───── DATA FOR THIS TASK
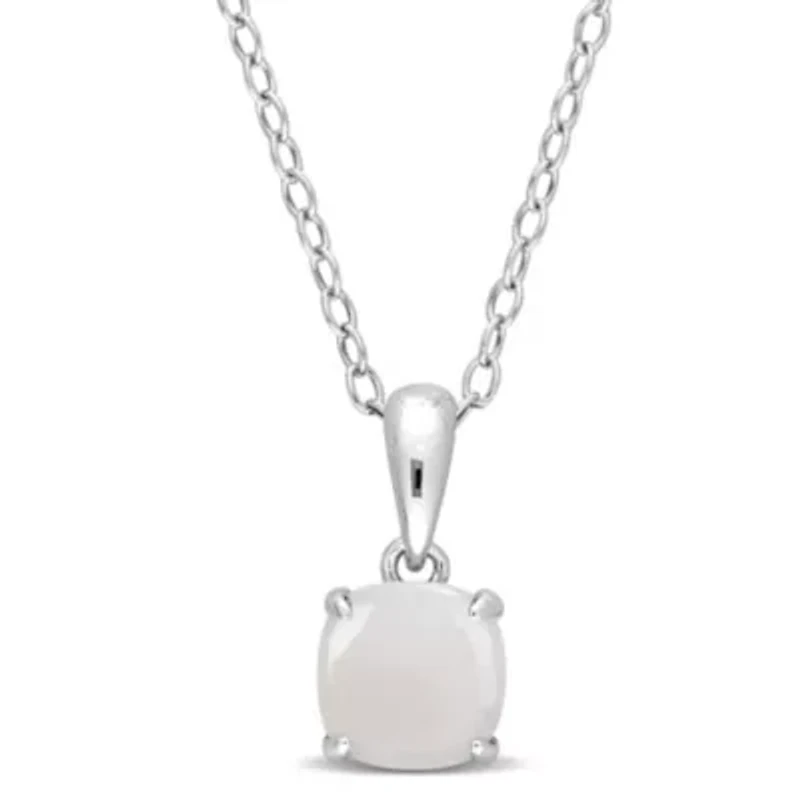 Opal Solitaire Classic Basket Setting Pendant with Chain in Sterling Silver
──────────
───── DATA FOR THIS TASK
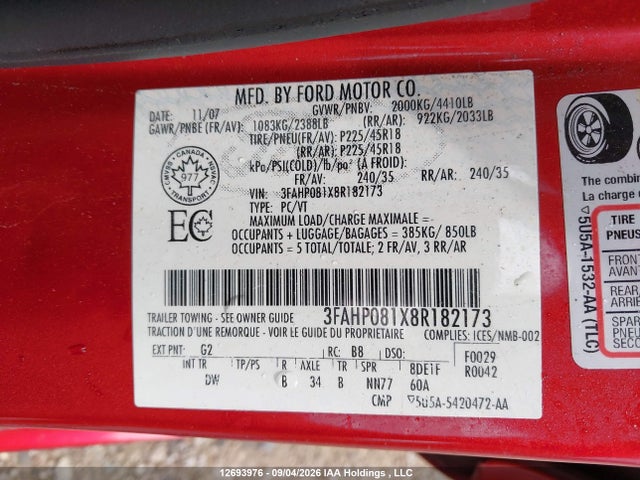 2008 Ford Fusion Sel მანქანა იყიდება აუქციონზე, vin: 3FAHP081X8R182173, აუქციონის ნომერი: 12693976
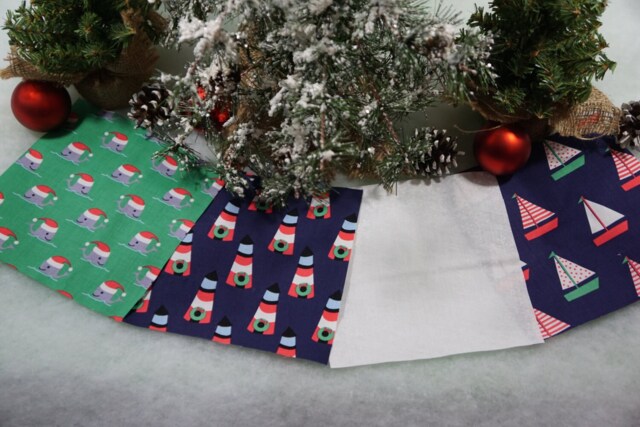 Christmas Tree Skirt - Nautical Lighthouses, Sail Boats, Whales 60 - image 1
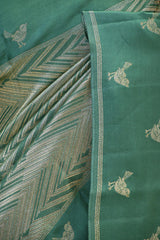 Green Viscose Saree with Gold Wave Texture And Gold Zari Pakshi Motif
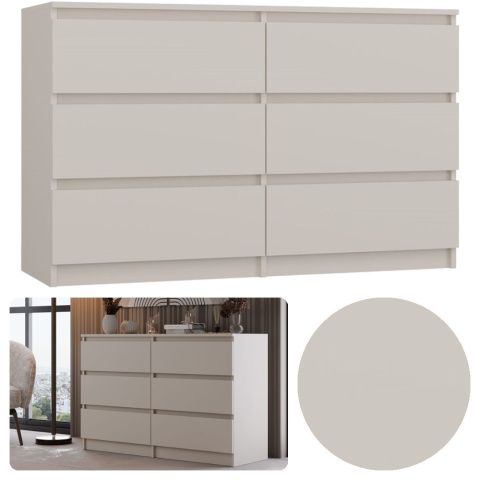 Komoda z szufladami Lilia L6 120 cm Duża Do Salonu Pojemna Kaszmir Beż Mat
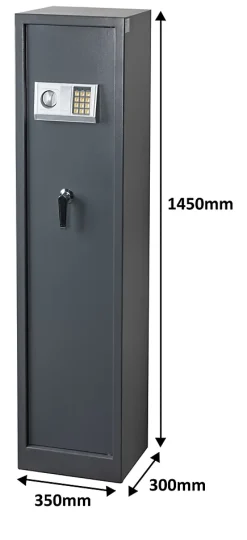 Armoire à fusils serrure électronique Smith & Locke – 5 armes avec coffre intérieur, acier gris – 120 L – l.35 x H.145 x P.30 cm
──────────
* TASK REQUIREMENTS *
Go back to the lines above and output, exactly as they stand, the ones from the line containing "2008 Ford Fusion" to the line containing "Armoire à fusils". Leave all pictures behind.

* FINISHED TASK *
 2008 Ford Fusion Sel მანქანა იყიდება აუქციონზე, vin: 3FAHP081X8R182173, აუქციონის ნომერი: 12693976
 Christmas Tree Skirt - Nautical Lighthouses, Sail Boats, Whales 60 - image 1
 Green Viscose Saree with Gold Wave Texture And Gold Zari Pakshi Motif
 Komoda z szufladami Lilia L6 120 cm Duża Do Salonu Pojemna Kaszmir Beż Mat
 Armoire à fusils serrure électronique Smith & Locke – 5 armes avec coffre intérieur, acier gris – 120 L – l.35 x H.145 x P.30 cm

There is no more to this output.